Washing up on the Shores of a Landlocked District

Pennacchio

This week’s political intrigue in LD-26 began with dead whales and ended with state Sen. Joe Pennacchio being unanimously endorsed by Passaic County Republicans.

“It’s a reaffirmation of the hard work we’ve done,” Pennacchio said Thursday evening after being notified of the endorsement. “We are going to commit to them the same hard work that we’ve done.”

Pennacchio is being challenged for the district’s Republican nomination by Tom Mastrangelo, a veteran Morris County freeholder/commissioner.

“There’s no ambiguity, ” Pennacchio said of the Passaic endorsement. “Where my opponent thinks he has any type of support is strictly in his head.”

The mostly Republican district ranges over parts of Morris and Passaic counties. The four Passaic towns in the district are Bloomingdale, Pompton Lakes, Ringwood and Wanaque.

As for Mastrangelo, he has beached whales on his mind. .

He asked this week why Pennacchio hasn’t been more outspoken about dead whales washing up on New Jersey beaches.

As many Republicans are wont to do, Mastrangelo linked the dead mammals to the state’s fledgling wind energy project.

“Why haven’t we heard from Sen.
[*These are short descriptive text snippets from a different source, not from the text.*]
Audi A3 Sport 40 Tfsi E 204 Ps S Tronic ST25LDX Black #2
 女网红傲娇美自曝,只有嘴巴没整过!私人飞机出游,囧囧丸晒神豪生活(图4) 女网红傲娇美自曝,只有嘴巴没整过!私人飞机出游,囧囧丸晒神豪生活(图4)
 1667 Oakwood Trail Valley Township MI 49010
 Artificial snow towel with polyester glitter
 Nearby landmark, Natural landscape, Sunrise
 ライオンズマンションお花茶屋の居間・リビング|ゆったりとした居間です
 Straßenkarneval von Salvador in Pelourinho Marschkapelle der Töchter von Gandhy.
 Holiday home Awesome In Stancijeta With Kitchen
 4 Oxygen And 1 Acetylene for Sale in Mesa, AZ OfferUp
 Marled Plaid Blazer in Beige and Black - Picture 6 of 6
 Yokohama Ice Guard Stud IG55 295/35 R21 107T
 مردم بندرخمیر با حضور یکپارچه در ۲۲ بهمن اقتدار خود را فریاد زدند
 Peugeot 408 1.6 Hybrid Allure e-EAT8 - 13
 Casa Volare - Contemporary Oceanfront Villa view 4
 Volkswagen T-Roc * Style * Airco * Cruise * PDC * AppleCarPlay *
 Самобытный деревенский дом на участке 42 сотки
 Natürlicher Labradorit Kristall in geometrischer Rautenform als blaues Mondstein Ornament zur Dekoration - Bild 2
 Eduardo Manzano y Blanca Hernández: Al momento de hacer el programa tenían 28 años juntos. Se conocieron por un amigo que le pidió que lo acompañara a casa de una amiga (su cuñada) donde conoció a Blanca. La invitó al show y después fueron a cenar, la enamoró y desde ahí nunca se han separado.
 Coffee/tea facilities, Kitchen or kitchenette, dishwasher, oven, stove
Joe Pennacchio … on this very important project,” Mastrangelo asked in a release. “He’s been in the legislature for two decades and he doesn’t see that dead whales are an obvious warning sign that something is wrong.”

Mastrangelo said the GOP caucus needs more lawmakers who will fight and he pledged to do just that.

Pennacchio didn’t seem all that impressed with Mastrangelo’s shot across the bow.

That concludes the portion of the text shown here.